[TASK ITEM]: Nothing but the lines from the one containing "Used 2018 Jeep" through the last line of the data below should be returned, each exactly as it stands, pictures excluded.

(DATA SUPPLIED Opens)

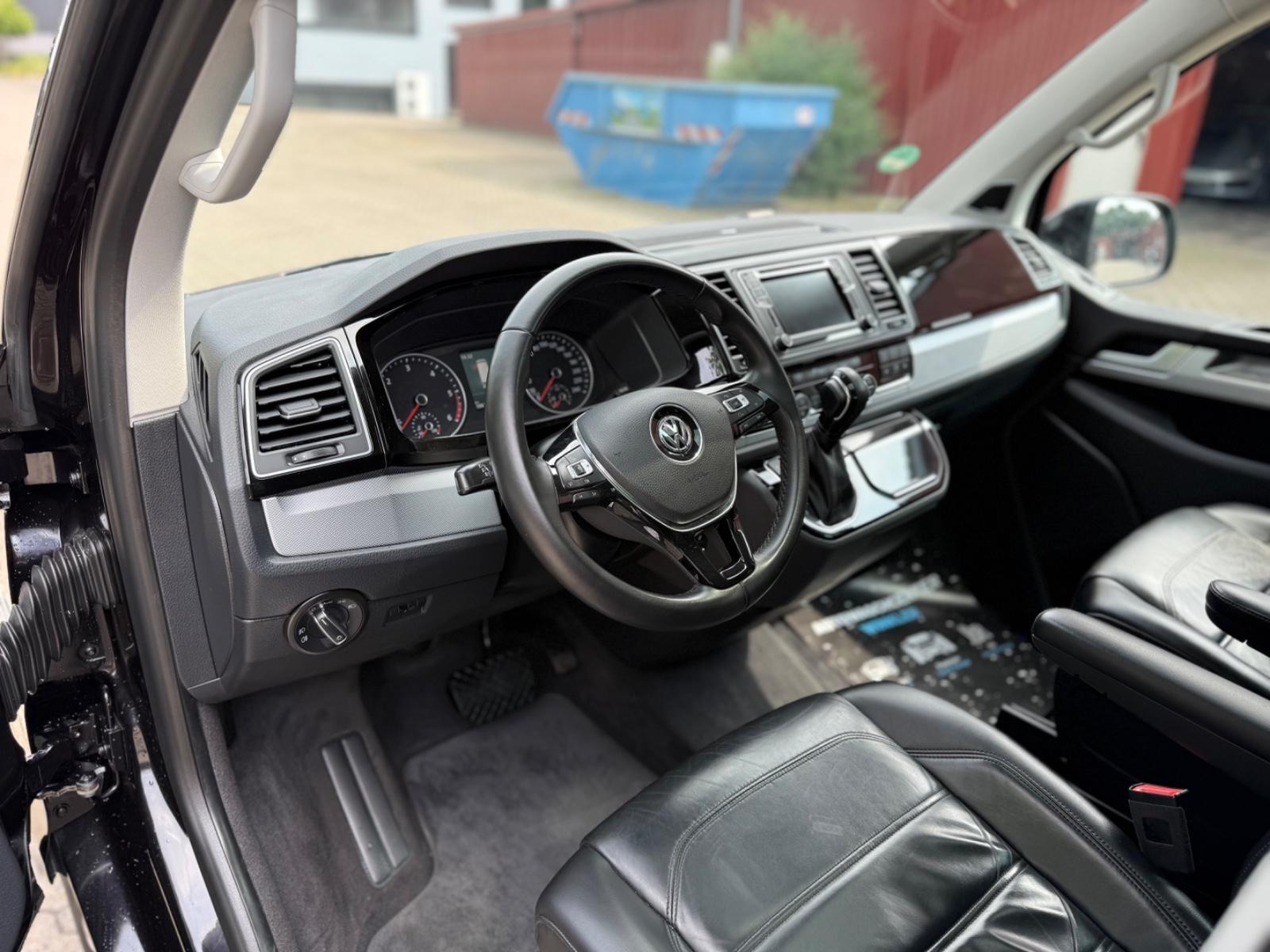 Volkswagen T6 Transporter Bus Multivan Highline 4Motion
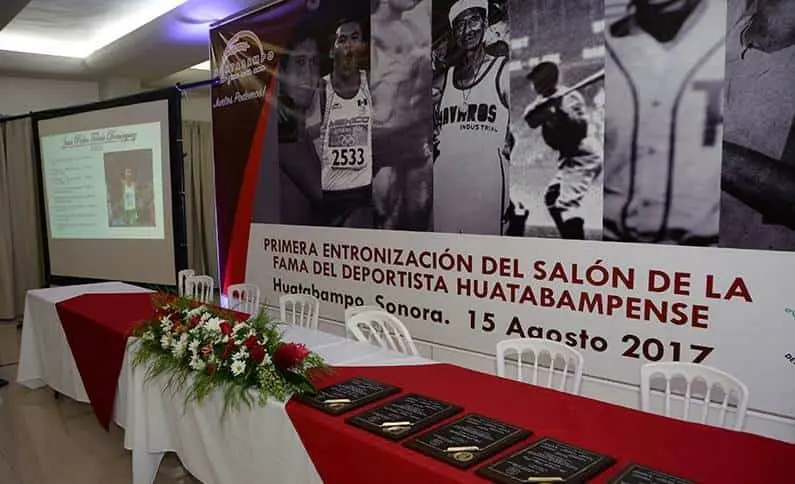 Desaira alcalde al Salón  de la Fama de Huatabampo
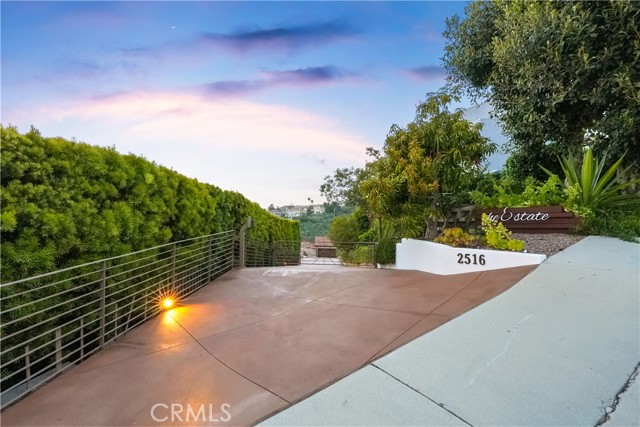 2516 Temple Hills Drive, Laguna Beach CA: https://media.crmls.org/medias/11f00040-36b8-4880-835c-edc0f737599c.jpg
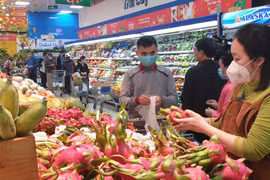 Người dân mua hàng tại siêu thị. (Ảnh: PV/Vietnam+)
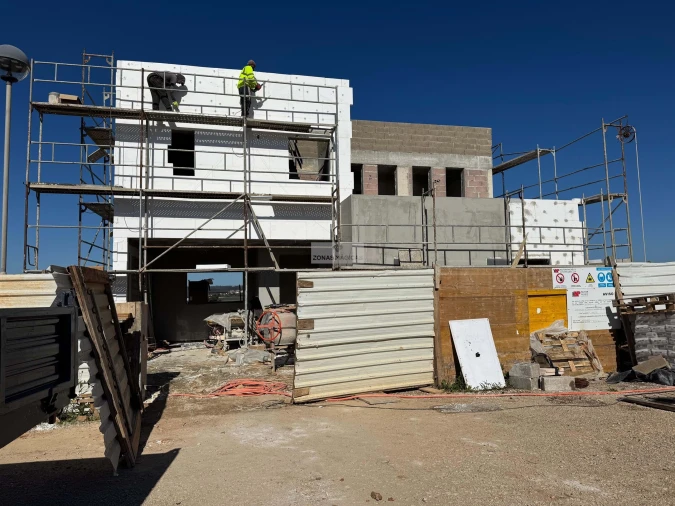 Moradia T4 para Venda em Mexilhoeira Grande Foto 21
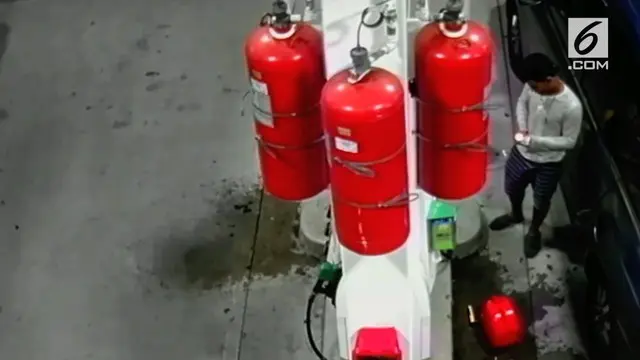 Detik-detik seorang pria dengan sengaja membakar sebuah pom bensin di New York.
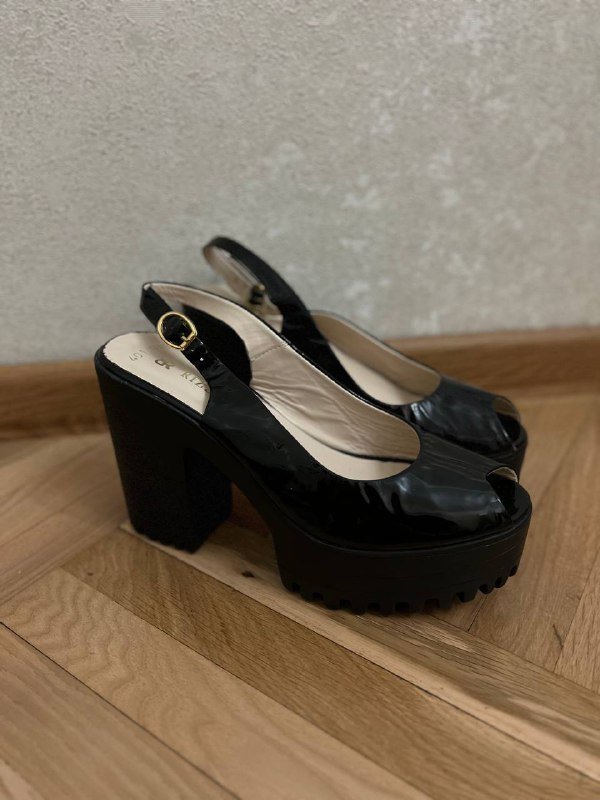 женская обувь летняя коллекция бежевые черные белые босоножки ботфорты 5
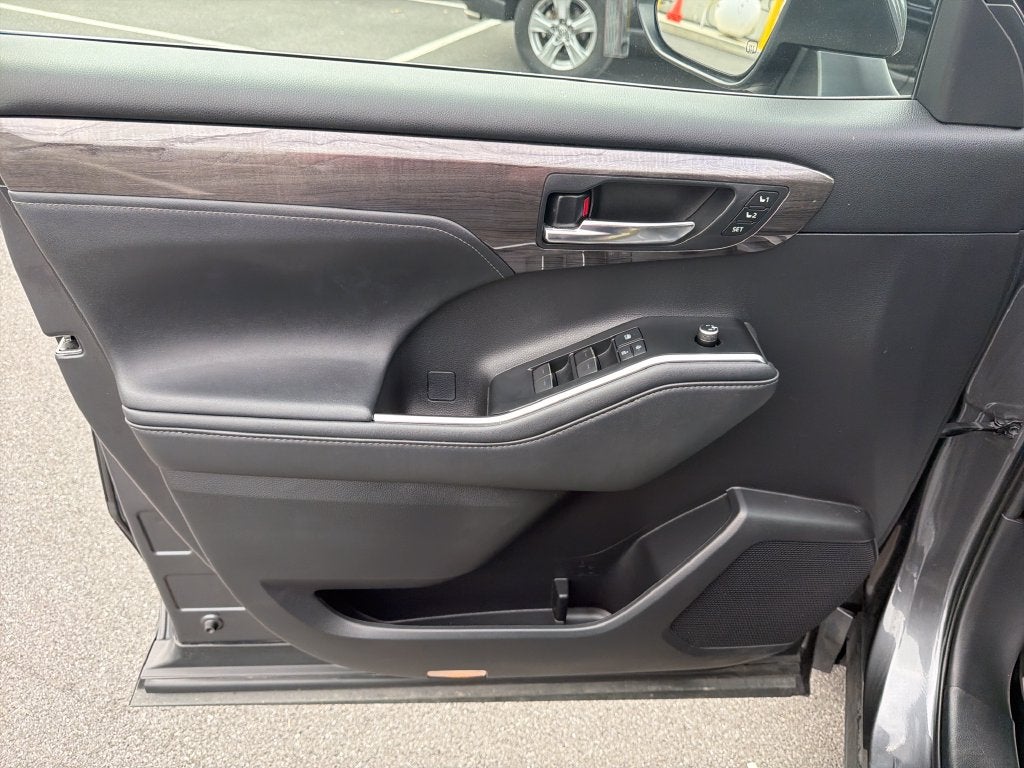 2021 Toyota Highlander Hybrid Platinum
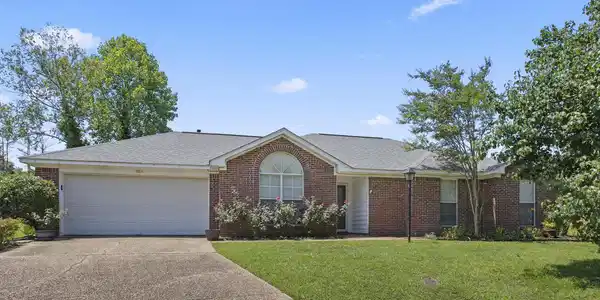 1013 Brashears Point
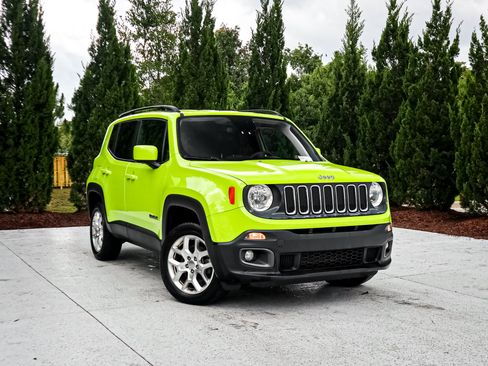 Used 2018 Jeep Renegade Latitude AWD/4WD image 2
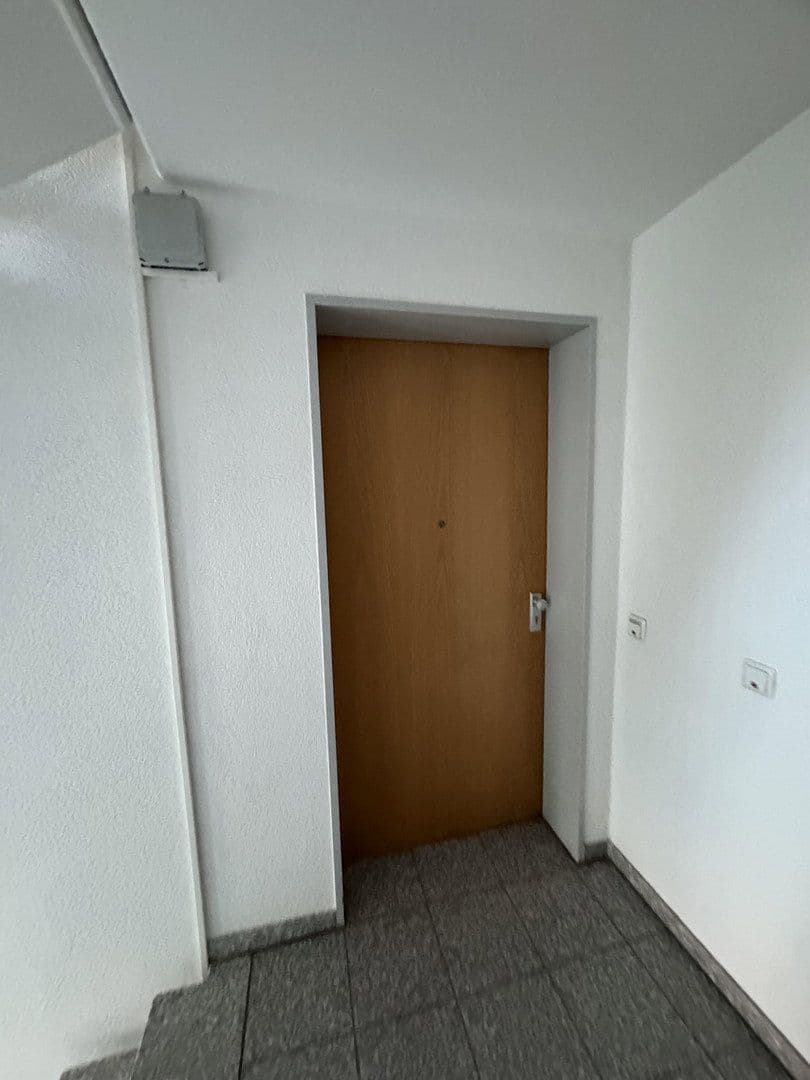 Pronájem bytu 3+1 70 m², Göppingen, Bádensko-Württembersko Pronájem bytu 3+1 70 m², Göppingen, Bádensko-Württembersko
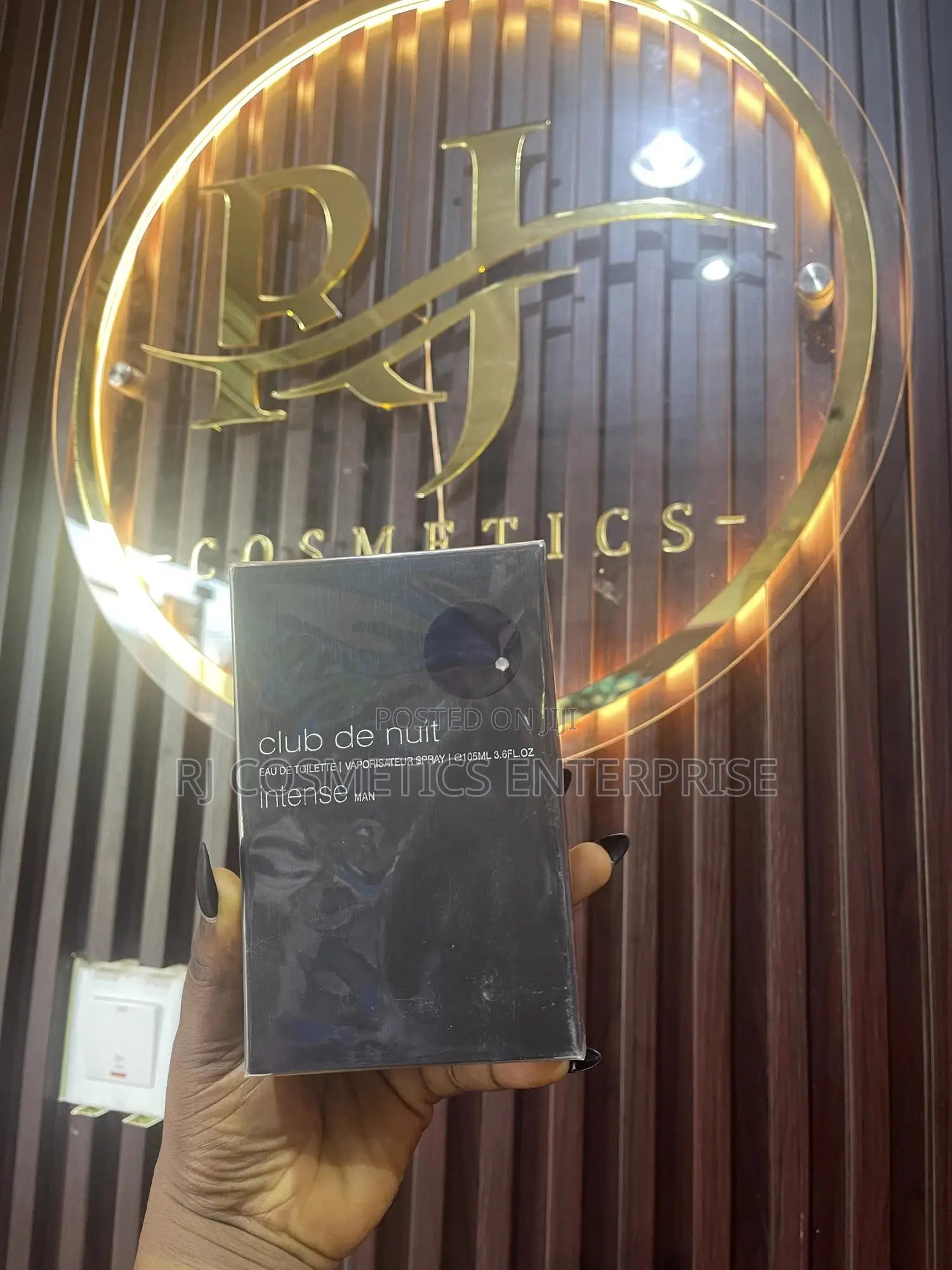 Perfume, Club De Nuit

(DATA SUPPLIED Closes)

[EXPECTED ANSWER]:
 Used 2018 Jeep Renegade Latitude AWD/4WD image 2
 Pronájem bytu 3+1 70 m², Göppingen, Bádensko-Württembersko Pronájem bytu 3+1 70 m², Göppingen, Bádensko-Württembersko
 Perfume, Club De Nuit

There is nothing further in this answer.